### Exercise data
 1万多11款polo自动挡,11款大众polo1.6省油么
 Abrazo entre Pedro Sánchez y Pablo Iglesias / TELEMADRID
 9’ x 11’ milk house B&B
--
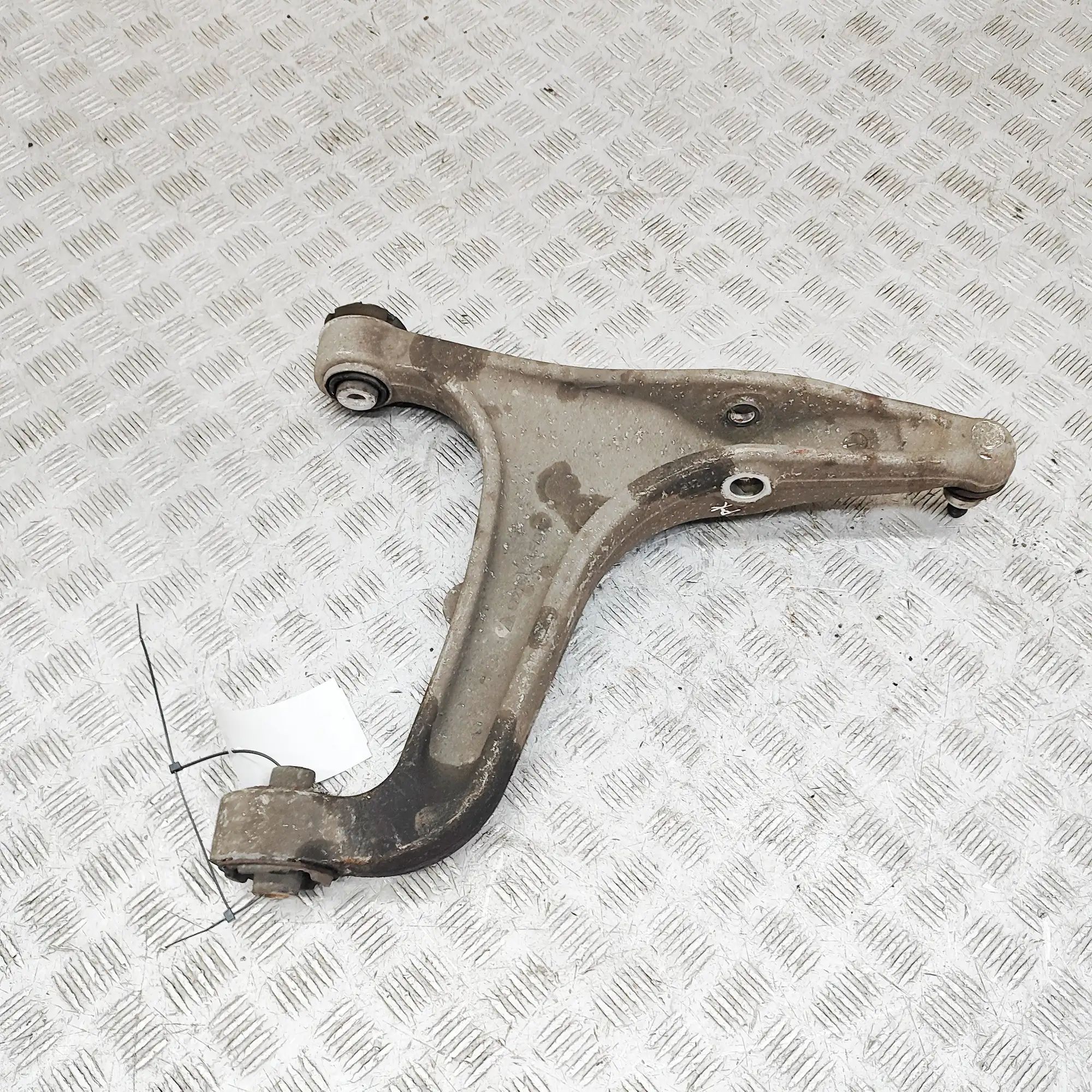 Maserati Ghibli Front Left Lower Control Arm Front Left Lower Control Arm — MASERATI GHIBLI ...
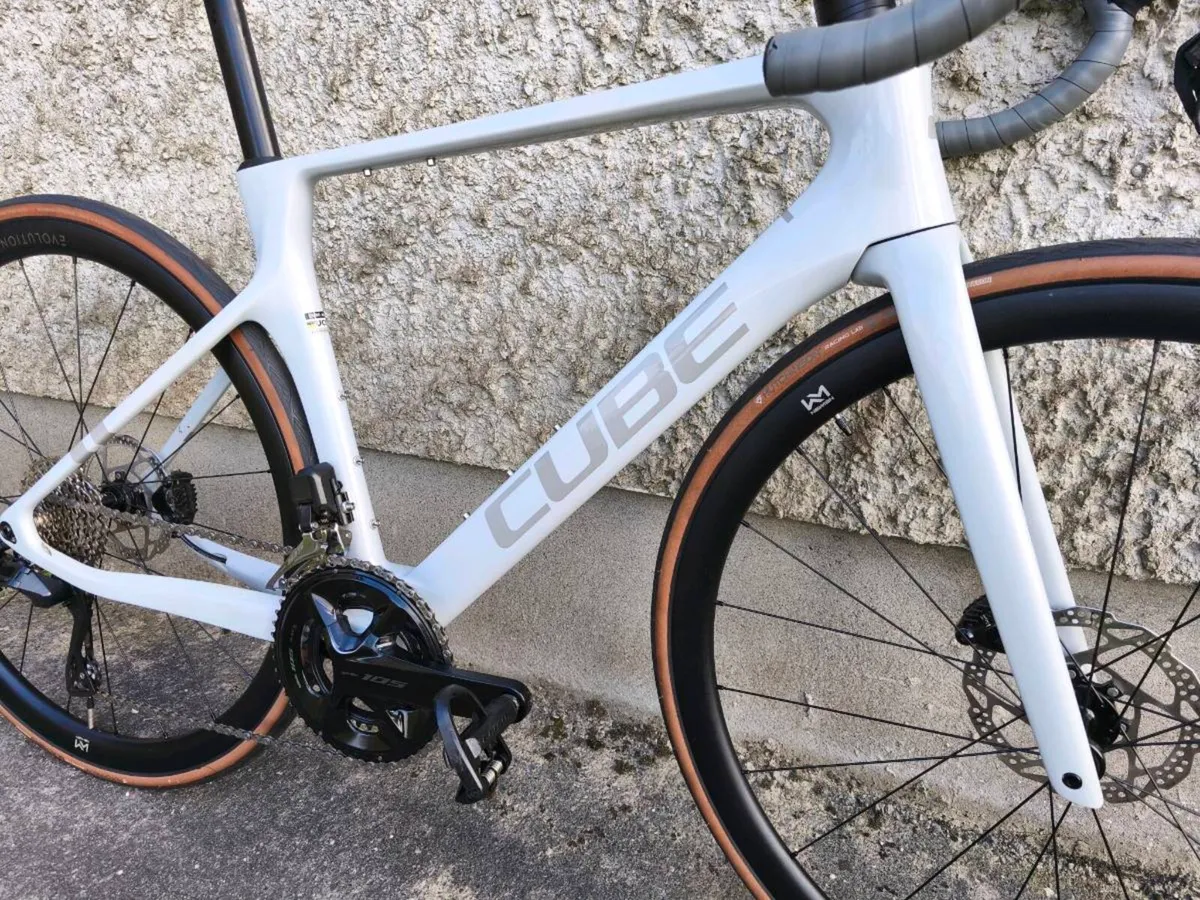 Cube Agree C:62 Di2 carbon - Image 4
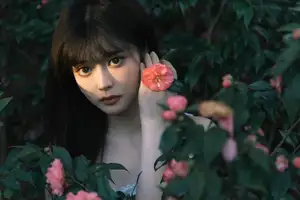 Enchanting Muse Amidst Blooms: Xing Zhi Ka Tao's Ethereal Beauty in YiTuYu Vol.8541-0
* * *
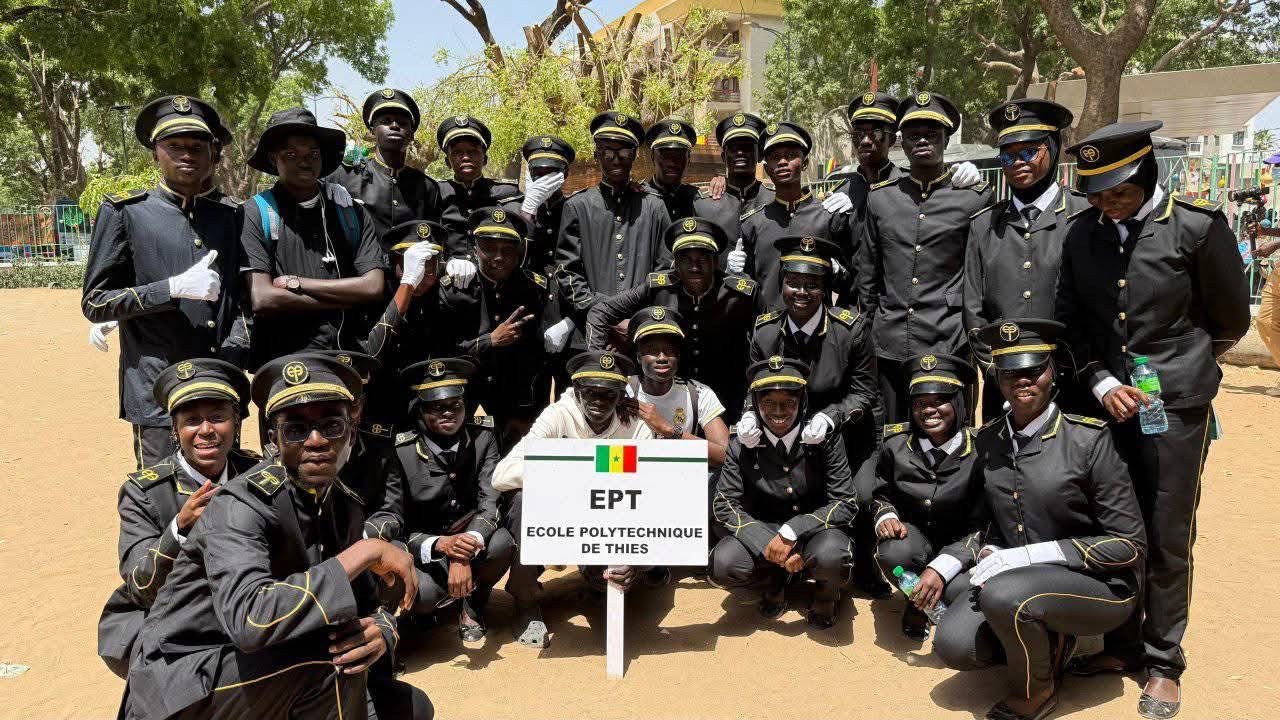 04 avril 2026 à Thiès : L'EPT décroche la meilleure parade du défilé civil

### Goal of the exercise
Everything from the line with "1万多11款polo自动挡,11款大众polo1.6省油么" through the line with "9’ x 11’ milk house B&B" should be written out exactly as it appears above, end lines included, and nothing outside that range.

### Solution to the problem
 1万多11款polo自动挡,11款大众polo1.6省油么
 Abrazo entre Pedro Sánchez y Pablo Iglesias / TELEMADRID
 9’ x 11’ milk house B&B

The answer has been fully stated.